You roll a fair, 6-sided die repeatedly until you get a streak of three increasing rolls (three consecutive rolls with numbers in strictly increasing order, but not necessarily consecutive numbers). What is the expected number of rolls?
If we let $X$ be the number of rolls until we satisfy our required condition, let $E=\mathbb{E}[X]$ and $E_i = \mathbb{E}[X\space|\space i], \space i\in\{1,\dots, 6\}$. So $E_1$ is the expected number of rolls until we satisfy our required given that we have currently rolled a 1, meaning that, for instance $E_{31} = E_1$ where we define $E_{ij}$ similarly (rolled an $i$ and then a $j$).

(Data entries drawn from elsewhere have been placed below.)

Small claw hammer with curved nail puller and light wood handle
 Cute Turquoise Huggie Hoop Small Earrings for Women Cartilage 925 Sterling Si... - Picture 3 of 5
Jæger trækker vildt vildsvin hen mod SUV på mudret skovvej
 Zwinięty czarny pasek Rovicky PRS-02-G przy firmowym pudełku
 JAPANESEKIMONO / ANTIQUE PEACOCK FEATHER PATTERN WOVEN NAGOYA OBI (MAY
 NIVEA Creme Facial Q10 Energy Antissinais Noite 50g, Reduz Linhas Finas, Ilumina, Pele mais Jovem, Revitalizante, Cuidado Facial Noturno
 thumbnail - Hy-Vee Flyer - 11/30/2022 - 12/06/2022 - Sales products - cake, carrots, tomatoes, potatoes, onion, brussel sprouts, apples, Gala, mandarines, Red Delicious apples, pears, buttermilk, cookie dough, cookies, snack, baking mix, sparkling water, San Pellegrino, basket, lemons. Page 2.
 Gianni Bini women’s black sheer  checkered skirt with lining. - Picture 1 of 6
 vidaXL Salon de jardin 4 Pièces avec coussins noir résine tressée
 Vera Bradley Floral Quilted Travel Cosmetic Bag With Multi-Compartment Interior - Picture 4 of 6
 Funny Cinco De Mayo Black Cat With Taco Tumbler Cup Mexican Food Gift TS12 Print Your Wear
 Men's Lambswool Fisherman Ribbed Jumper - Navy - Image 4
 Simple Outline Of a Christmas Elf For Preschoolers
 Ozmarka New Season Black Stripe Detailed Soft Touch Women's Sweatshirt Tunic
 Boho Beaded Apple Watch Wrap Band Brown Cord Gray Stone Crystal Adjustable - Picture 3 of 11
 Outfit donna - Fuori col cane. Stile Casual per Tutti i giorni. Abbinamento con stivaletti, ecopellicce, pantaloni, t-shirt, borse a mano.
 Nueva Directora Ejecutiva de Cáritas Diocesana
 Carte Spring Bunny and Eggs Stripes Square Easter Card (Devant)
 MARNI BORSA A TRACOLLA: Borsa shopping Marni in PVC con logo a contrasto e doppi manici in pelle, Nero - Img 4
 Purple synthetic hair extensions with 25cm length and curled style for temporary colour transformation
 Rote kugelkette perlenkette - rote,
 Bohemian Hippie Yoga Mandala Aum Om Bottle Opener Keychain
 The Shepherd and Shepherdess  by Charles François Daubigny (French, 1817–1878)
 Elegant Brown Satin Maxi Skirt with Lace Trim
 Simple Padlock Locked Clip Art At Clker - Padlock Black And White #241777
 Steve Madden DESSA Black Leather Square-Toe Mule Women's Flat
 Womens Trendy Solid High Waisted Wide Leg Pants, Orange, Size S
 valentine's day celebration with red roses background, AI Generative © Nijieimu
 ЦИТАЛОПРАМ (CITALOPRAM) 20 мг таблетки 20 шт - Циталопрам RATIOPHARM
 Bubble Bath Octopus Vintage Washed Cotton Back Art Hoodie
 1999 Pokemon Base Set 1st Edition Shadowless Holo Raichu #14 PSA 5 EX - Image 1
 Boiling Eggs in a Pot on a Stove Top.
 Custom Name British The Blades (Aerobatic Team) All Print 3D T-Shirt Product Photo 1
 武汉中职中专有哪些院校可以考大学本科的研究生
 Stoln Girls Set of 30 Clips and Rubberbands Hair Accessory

Using this notation and considering the first roll, I found, $E = \frac{1}{6}(1 + E_1) + \frac{1}{6}(1+E_2) + \frac{1}{6}(1+E_3) + \frac{1}{6}(1+E_4) + \frac{1}{6}(1+E) + \frac{1}{6}(1+E)$
$\implies \frac{2}{3}E = 1 + \frac{1}{6}(E_1 + E_2 + E_3 + E_4)$
given that $E_5 = E_6 = E$.
Similarly, by considering the scenario where we have rolled a 4, I found $E_4 = \frac{1}{6}(1+E_1) + \frac{1}{6}(1+E_2) + \frac{1}{6}(1+E_3) + \frac{1}{6}(1+E_4) + \frac{1}{6}(1+E_{45}) + \frac{1}{6}(1+E)$
where $E_{45} = \frac{1}{6}(1+E_1)+\frac{1}{6}(1+E_2)+\frac{1}{6}(1+E_3)+\frac{1}{6}(1+E_4)+\frac{1}{6}(1+E)+\frac{1}{6}\cdot 1 $
$= 1 + \frac{1}{6}(E+E_1 + E_2 + E_3 + E_4)$
and so
$E_4 = \frac{7}{6} + \frac{7}{36}(E + E_1 + E_2 + E_3 + E_4)$
It seems that by continuing in this fashion I can find $E_1, E_2, E_3$ in terms of $E$ and the other $E_i$'s but will be become increasing tedious as we go from $E_3$ to $E_1$. However, after finding other linear equations involving $E$ and the $E_i$'s, we could find $E$ by inverting a matrix so the method seems to work, but is quite long and would not be very feasible to use when considering an $n$ sided dice.
I was wondering if there is a nicer approach to this problem which would also allow a generalisation to an $n$ sided dice?